• PROMPT
Your answer must match the entries below word for word.

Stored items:
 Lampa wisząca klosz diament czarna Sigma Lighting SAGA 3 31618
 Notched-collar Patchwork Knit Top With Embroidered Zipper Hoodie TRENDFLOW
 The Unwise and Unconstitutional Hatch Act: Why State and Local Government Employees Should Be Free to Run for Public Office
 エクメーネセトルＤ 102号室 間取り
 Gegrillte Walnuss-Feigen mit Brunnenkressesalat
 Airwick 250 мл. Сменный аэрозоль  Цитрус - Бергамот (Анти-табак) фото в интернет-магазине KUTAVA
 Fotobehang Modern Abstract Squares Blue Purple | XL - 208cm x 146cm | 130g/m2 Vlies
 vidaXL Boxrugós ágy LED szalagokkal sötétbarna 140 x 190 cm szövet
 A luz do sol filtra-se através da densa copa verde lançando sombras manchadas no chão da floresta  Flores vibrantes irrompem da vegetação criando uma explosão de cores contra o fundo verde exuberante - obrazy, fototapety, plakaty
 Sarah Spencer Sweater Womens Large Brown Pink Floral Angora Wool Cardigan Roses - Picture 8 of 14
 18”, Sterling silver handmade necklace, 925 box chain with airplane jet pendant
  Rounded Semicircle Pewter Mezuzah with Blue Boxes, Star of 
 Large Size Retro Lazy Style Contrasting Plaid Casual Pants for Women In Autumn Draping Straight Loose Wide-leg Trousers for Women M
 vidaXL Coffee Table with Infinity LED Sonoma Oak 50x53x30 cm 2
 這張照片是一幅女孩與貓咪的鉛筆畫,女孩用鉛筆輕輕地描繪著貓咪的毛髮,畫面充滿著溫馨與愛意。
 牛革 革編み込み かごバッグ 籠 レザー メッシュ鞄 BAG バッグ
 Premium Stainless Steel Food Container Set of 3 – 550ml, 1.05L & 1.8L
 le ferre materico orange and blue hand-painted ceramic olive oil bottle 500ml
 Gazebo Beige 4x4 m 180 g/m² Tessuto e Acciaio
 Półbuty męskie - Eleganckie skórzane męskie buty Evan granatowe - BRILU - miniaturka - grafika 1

• OUTPUT BELOW
 Lampa wisząca klosz diament czarna Sigma Lighting SAGA 3 31618
 Notched-collar Patchwork Knit Top With Embroidered Zipper Hoodie TRENDFLOW
 The Unwise and Unconstitutional Hatch Act: Why State and Local Government Employees Should Be Free to Run for Public Office
 エクメーネセトルＤ 102号室 間取り
 Gegrillte Walnuss-Feigen mit Brunnenkressesalat
 Airwick 250 мл. Сменный аэрозоль  Цитрус - Бергамот (Анти-табак) фото в интернет-магазине KUTAVA
 Fotobehang Modern Abstract Squares Blue Purple | XL - 208cm x 146cm | 130g/m2 Vlies
 vidaXL Boxrugós ágy LED szalagokkal sötétbarna 140 x 190 cm szövet
 A luz do sol filtra-se através da densa copa verde lançando sombras manchadas no chão da floresta  Flores vibrantes irrompem da vegetação criando uma explosão de cores contra o fundo verde exuberante - obrazy, fototapety, plakaty
 Sarah Spencer Sweater Womens Large Brown Pink Floral Angora Wool Cardigan Roses - Picture 8 of 14
 18”, Sterling silver handmade necklace, 925 box chain with airplane jet pendant
  Rounded Semicircle Pewter Mezuzah with Blue Boxes, Star of 
 Large Size Retro Lazy Style Contrasting Plaid Casual Pants for Women In Autumn Draping Straight Loose Wide-leg Trousers for Women M
 vidaXL Coffee Table with Infinity LED Sonoma Oak 50x53x30 cm 2
 這張照片是一幅女孩與貓咪的鉛筆畫,女孩用鉛筆輕輕地描繪著貓咪的毛髮,畫面充滿著溫馨與愛意。
 牛革 革編み込み かごバッグ 籠 レザー メッシュ鞄 BAG バッグ
 Premium Stainless Steel Food Container Set of 3 – 550ml, 1.05L & 1.8L
 le ferre materico orange and blue hand-painted ceramic olive oil bottle 500ml
 Gazebo Beige 4x4 m 180 g/m² Tessuto e Acciaio
 Półbuty męskie - Eleganckie skórzane męskie buty Evan granatowe - BRILU - miniaturka - grafika 1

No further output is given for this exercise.